Such arrangements might, however, be short-lived. If shortages persist, the entire LPG supply chain — be it LPG exporters, Indian LPG bottlers, their distributors or local sellers — will first cater to the highest paying customers. With that, the poorest customers will be priced out of the market.

This extends beyond families. A private LPG bottler’s capacity to pay for imported LPG is a function of its customers’ capacity to pay. For this reason, while Confidence Petroleum (which supplies to commercial and domestic buyers) is able to buy US cargoes, smaller firms catering predominantly to migrant workers will struggle. 
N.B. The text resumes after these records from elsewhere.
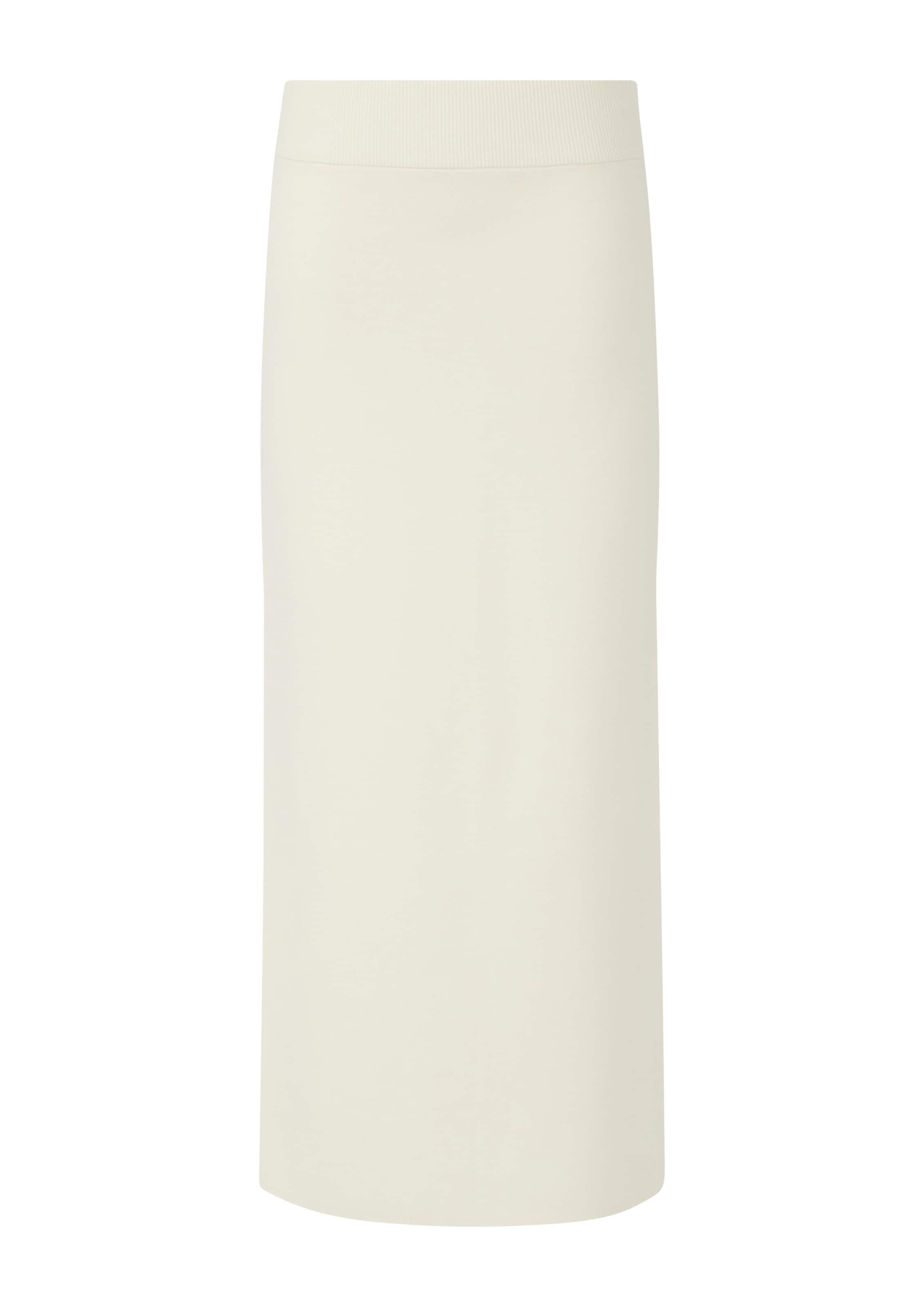 COMMA Skirt in Beige: front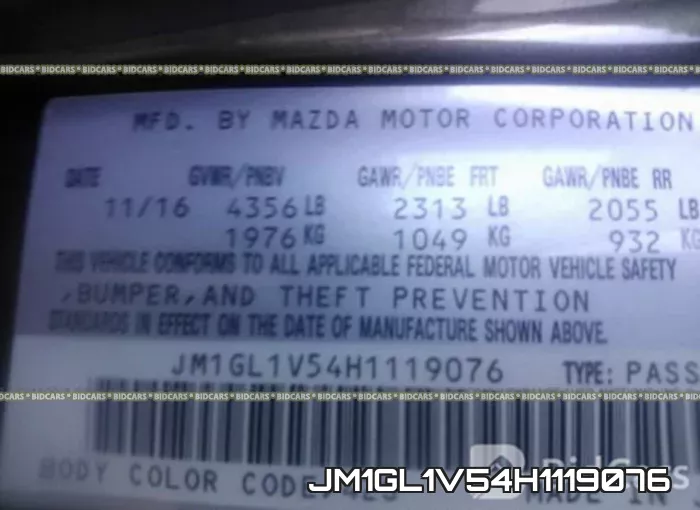 JM1GL1V54H1119076 фото 10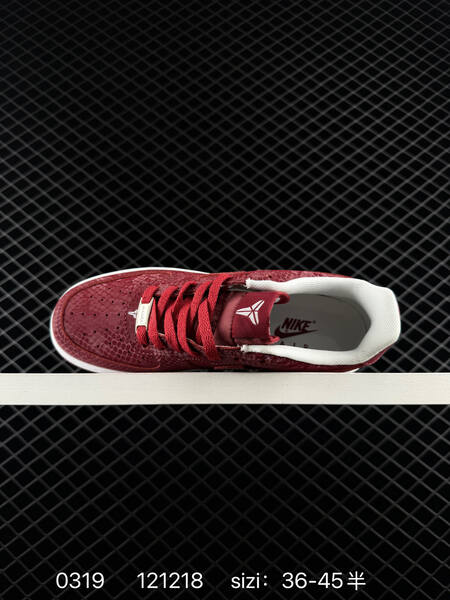 Nike Air Force 1 Low burgundy red and white EU 36-45 lifestyle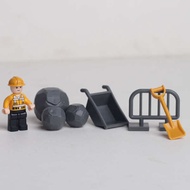 mainan kereta bulldozer ride on Mainan kanak-kanak, alat peraga, boneka, penggali budak lelaki, kayu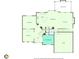 First floorplan showing kitchen, dining room, living room, office, bathroom, and garage at 809 Hillcrest Ln, Woodstock, GA 30189
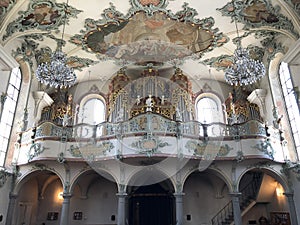 Organ of Basilica of St. Ulrich or Orgel aus der Basilika St. Urlich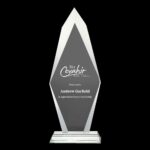Flame Shape Crystal Awards Printing CR 40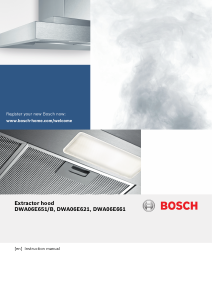 Manual Bosch DWA06E621 Cooker Hood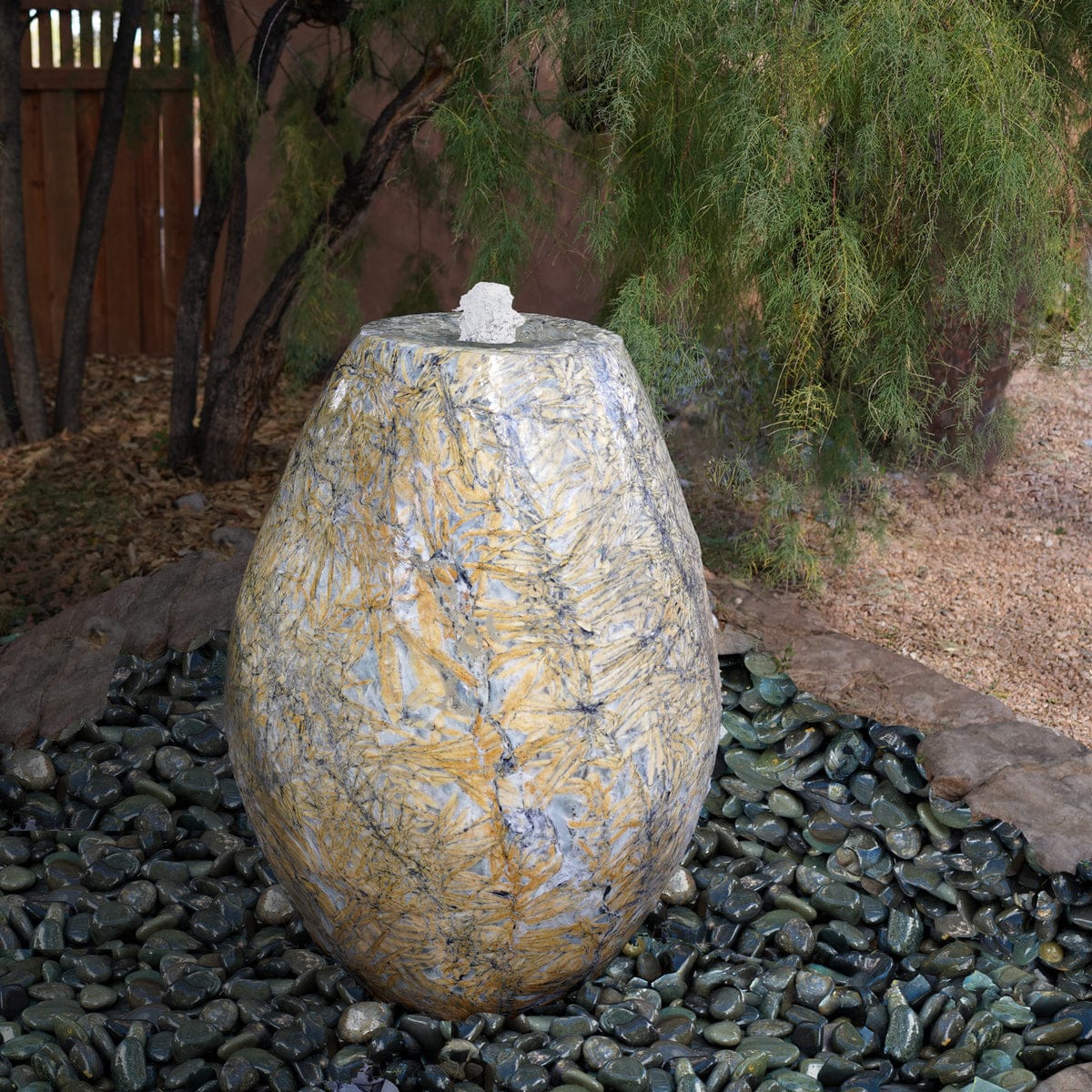 Bamboo Marble Fountain, Bulb Shape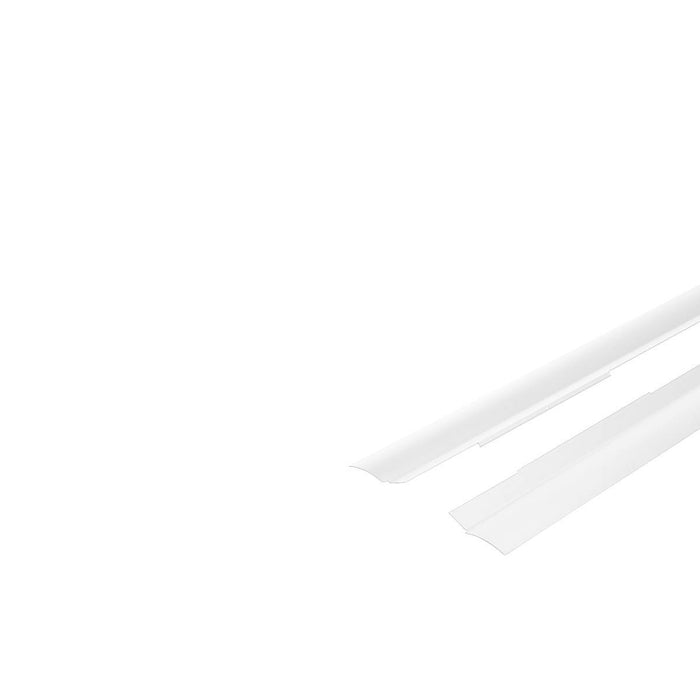 GLENOS industrial profile reflector set, matt white, 2 pcs.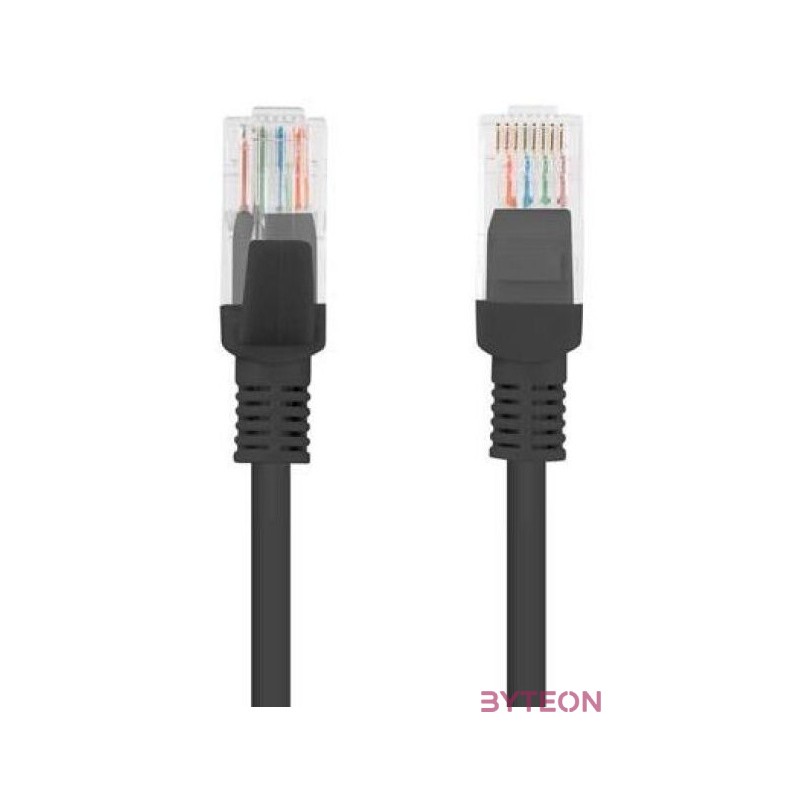 Lanberg PCU5-10CC-0300-BK hálózati kábel Fekete 3 M Cat5e U,UTP (UTP)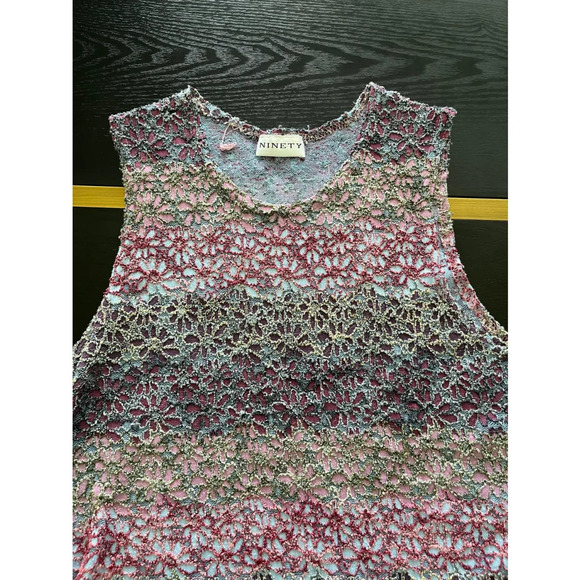 Vintage Ninety Women's Crocheted Tank Medium EUC - Picture 4 of 8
In a nutshell, India’s private LPG market is about to shed customers. Both poorer customers — and the firms supplying them — will face the axe. If the Indian government follows in their footsteps and starts passing global LPG prices onto registered customers, even the first supply chain will see an unknown percentage of customers drop out. 

People like Anju Devi, who are part of the third supply chain, are already dropping out. With one kilo of LPG costing Rs 300 – and lasting two days – cooking costs now consumed a third of her household income. Even a month ago, when CarbonCopy met her, she was already cutting back – buying less, cooking less, stretching the cylinder just that bit longer. Since then, prices have softened somewhat but the new floor is yet unknown. What we do know is that it will be set, not by local purchasing power or distributors’ demands for lower prices, but by the global LPG market. This is how markets shed unviable customers.

With that, millions of families like hers are likely to fall back on induction stoves or firewood, putting pressure on either the grid or India’s trees and forests. 

Photo: Pixabay

All 50 hottest cities in the world were in India in April: Report

Everyone of the world’s 50 hottest cities was located inside India at the end of April – “a global weather-tracking anomaly,” was the finding by the company AQI, reported Inside Climate News. 

Another report by Harvard university found just 8% of households have access to air conditioning. Others rely on passive cooling (shade, reflective roofs). Around three-fourths of the country’s workforce is engaged in agriculture and construction. Informal and gig workers constitute as much as 90% of the labour force, leaving many without contracts and protections, according to the paper from the Salata Institute’s Climate Adaptation in South Asia research cluster. 

Violent Storm Leaves at Least 100 Dead in UP

A storm bringing rain and hail battered Uttar Pradesh, killing more than 100 people, Reuters reported, citing rescue officials.

The news wire said that storms are common in the northern state during the hot season from March to ⁠June before monsoon rains bring respite, but Wednesday’s storm injured 59 people, damaged 87 homes, and killed 114 livestock, authorities said.

At least 104 people died in about a dozen districts, the worst hit being the area around Prayagraj, the office of the state’s relief commissioner, Hrishikesh Bhaskar Yashod, told Reuters.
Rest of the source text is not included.